Monday, July 10, 2017

NY Times -- The Hidden Subsidy That Helps Pay for Health Insurance

As Republican senators work to fix their troubled health care bill, there is one giant health insurance subsidy no one is talking about.

It is bigger than any offered under the Affordable Care Act — subsidies some Republicans loathe as handouts — and costs the federal government $250 billion in lost tax revenue every year.

The beneficiaries: everyone who gets health insurance through a job, including members of Congress.

Orrin Hatch, chairman of the Senate Finance Committee has likened the Affordable Care Act to the dole. “Let’s face it,” he said, “once you get them on the dole they’ll take every dime they can.”

Really? Here’s the yearly cost of America's 4 biggest healthcare programs:

1. Medicare, $581 billion.

2. Medicaid, $349 billion.

3. The exclusion of employer-provided health benefits from employees’ taxable incomes, $250 billion.

4. The Affordable Care Act, $119 billion. (Medicaid expansion under the Act costs $70 billion, and subsidies under the Act cost $49 billion.)

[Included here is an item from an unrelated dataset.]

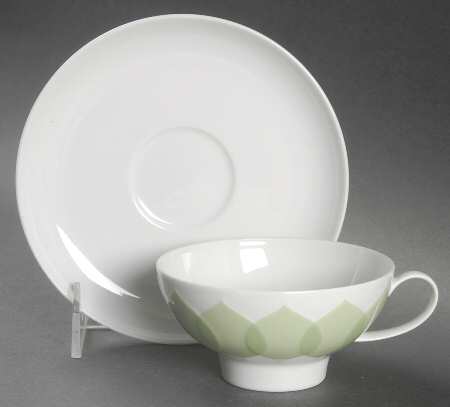 Lotus Green Flat Cup & Saucer Set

Note that #3 is more than twice the cost of the Affordable Care Act.

But most of the benefits of #3 go to richer Americans.

People with incomes less than $30,000 save about $1650 by not paying taxes on employee health benefits. People with incomes above $200,000 save an average of $4,580. (This is from a 2008 study by the Joint Committee on Taxation.)

So richer Americans who get employer health benefits tax free are on a bigger dole than poorer Americans who get their healthcare under the Affordable Care Act.

Given this, why would any sane person choose to repeal the Affordable Care Act and give the tax savings to the rich?